I have a list of 50,000 ID's in a flat file and need to remove any duplicate ID's. Is there any efficient/recommended algorithm for my problem?
Thanks.
I have a list of 50,000 ID's in a flat file and need to remove any duplicate ID's. Is there any efficient/recommended algorithm for my problem?
Thanks.
Read into a dictionary line by line, discarding duplicates. When all read, write out to a new file.
i guess if you have large enough memory allowance, you can put all these ids in array
$array[$id] = $id;
this would automatically weed out the dupes.
You can do:
file_put_contents($file,implode("\n",array_unique(file($file)));
How it works?
file
which returns an array.array_unique
file_put_contents
This solution assumes that you've got one ID per line in the flat file.
I've did some experiments once and the fastest solution I could get in PHP was by sorting the items and manually remove all the duplicate items.
If performance isn't that much of an issue for you (which I suspect, 50,000 is not that much) than you can use array_unique()

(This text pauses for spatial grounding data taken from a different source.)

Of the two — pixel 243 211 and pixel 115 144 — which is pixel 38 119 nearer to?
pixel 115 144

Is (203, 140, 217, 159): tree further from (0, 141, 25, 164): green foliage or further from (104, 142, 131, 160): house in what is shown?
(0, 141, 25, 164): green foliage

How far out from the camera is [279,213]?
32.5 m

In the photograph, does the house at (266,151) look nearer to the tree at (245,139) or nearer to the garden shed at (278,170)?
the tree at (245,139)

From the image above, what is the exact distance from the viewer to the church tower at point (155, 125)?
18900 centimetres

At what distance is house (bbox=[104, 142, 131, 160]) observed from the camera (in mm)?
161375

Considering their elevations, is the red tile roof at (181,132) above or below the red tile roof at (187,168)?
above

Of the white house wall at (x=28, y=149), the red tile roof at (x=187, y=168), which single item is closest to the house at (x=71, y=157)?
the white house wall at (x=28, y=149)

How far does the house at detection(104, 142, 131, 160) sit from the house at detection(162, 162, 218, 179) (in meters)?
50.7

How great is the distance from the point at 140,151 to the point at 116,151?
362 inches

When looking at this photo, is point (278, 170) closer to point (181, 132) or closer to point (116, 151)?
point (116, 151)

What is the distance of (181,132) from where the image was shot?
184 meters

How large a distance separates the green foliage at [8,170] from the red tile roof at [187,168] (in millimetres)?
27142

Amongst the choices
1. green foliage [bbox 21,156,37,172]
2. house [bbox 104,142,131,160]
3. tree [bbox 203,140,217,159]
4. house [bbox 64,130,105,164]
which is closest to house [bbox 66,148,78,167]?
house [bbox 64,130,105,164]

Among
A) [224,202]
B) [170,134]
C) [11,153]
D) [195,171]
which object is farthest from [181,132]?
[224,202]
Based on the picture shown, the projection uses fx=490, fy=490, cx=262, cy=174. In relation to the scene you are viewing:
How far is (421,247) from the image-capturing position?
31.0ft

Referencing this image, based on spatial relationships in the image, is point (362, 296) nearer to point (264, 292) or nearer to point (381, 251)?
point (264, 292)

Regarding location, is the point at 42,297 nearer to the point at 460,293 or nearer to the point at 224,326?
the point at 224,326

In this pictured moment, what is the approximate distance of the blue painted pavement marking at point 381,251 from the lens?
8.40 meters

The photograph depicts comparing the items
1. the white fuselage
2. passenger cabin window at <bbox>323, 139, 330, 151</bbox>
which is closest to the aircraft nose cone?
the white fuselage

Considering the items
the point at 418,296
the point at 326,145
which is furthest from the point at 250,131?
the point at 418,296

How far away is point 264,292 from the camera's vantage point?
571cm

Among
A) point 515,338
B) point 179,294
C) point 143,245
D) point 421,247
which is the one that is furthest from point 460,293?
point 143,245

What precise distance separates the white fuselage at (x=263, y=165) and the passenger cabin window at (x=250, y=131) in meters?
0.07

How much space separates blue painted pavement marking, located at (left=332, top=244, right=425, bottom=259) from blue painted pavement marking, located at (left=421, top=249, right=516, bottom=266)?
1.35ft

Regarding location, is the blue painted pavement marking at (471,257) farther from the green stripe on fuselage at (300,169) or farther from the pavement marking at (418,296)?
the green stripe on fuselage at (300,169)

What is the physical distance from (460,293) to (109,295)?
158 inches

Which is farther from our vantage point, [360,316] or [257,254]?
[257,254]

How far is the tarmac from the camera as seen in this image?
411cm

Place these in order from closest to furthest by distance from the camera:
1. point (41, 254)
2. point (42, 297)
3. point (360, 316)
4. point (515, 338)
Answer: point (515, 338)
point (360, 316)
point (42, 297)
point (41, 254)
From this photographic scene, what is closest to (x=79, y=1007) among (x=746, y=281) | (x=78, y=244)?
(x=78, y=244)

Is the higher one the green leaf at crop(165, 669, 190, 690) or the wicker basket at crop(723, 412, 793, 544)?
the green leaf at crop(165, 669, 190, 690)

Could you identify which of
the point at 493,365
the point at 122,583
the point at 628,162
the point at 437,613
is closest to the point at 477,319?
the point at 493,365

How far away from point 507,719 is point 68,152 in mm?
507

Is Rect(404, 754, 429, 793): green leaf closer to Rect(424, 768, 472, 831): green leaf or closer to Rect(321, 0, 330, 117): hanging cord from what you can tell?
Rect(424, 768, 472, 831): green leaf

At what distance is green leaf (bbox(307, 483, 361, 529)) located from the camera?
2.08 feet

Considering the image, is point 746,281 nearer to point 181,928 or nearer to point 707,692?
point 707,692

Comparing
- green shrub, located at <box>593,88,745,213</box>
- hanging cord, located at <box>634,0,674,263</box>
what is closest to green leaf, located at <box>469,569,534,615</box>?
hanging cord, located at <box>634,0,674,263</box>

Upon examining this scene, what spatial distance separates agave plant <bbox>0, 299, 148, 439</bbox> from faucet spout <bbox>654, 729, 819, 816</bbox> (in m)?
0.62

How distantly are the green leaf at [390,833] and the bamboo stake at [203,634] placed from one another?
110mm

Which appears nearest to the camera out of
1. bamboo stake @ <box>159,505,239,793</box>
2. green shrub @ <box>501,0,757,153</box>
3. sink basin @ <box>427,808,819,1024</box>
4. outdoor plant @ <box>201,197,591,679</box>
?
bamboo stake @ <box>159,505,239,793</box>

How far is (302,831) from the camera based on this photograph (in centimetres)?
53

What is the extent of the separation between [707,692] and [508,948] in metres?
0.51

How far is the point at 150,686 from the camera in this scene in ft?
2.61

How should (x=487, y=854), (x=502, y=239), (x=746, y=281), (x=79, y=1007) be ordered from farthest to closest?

: http://php.net/array_unique
If you can use a terminal (or native unix execution), the easiest way: (assuming that there is nothing else in the file):
sort < ids.txt | uniq > filteredIds.txt
You can use the command line sort
program to order and filter the list of ids. This is a very efficient program and scales well too.

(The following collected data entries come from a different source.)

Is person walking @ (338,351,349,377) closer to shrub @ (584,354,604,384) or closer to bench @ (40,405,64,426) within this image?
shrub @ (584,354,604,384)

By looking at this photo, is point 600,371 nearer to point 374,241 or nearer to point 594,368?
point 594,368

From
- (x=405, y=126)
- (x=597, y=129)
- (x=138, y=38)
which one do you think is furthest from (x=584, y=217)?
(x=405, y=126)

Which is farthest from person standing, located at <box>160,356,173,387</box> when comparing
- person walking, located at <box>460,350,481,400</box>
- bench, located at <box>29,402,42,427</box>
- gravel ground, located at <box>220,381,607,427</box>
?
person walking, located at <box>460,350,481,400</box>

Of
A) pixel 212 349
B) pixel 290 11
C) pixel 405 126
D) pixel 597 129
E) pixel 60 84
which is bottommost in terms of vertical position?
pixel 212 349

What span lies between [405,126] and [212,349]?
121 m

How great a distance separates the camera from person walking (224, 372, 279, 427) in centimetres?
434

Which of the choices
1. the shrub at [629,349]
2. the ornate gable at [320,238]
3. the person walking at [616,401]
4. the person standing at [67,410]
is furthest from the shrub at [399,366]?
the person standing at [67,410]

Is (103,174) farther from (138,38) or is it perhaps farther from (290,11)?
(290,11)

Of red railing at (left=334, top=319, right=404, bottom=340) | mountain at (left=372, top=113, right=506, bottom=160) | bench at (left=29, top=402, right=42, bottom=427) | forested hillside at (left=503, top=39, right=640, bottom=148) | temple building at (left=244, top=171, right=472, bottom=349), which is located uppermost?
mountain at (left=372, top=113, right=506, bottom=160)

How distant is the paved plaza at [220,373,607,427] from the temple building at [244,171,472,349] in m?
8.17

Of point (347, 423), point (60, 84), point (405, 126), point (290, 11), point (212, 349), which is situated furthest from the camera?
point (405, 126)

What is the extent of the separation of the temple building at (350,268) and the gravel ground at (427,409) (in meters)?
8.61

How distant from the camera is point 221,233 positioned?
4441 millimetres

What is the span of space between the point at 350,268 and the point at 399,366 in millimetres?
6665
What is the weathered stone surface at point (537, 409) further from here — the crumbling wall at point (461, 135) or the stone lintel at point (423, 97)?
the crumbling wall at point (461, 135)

sort -u ids.txt > filteredIds.txt
You can do it via array / array_unique, in this example i guess your ids are separated by line braks, if thats not the case just change it
$file = file_get_contents('/path/to/file.txt');
$array = explode("\n",$file);
$array = array_unique($array);
$file = implode("\n",$array);
file_put_contents('/path/to/file.txt',$file);
If you can just explode the contents of the file on a comma (or any delimiter), then array_unique will produce the least (and cleanest) code, otherwise if your are parsing the file going with the $array[$id] = $id is the fastest and cleanest solution.